There are songs I love and have loved forever. Songs that I can listen to a million times and never tire of hearing.

Here’s one that stays with me no matter where I am, where I go, how old I get, who I’m with, where’ve I’ve been or what I’m doing.


I need you,
To need me
I want to hold you
But you’re holdin’ someone else in your arms
When I close my eyes
I see your face
I’m just not sure
How much my heart can erase
Oh no
I can’t think ooh….
Oh no
I’m goin’ crazy with love
Over you

Because let’s face it, if you haven’t been crazy with love at least once in your life, you just haven’t lived.
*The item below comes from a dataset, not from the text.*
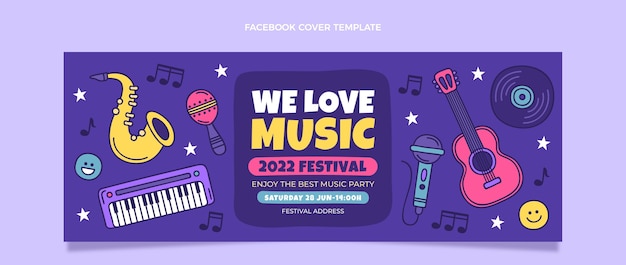 Dibujado a mano colorido festival de música portada de facebook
First heard that song in the movie The Last American Virgin when I was about 15 years old. Fell in love with it then (as I was crazy in love for someone, I’m sure, who wasn’t crazy in love with me…that was sorta the way it worked for me back then) and have loved it ever since. Loved it so much I downloaded it TWICE from iTunes! Must have it on every play list I make.

*loves*

also: here you go, a little taste of Second Verse to keep you going since I know you’re dying to keep up with what I’m working on now…

It was wrong to want this. Bess stood on the edge of a cliff and stared into the murky waters of moral ambiguity, and she waited for Nick to push her. He didn’t.

So she jumped.

Yeah…funny how this book is going, huh? Dead dudes, ocean, lust, long, ache, moral ambiguity…I guess I’m just not full of glitter rainbows.

Which is odd, because I frigging love glitter.

M

PS — sometimes something funny still leaves you with something good to use:

A line I used today in a silly poem but I like it and will use it in the future:

This is the list I leave you with, when you wish I was leaving you with me.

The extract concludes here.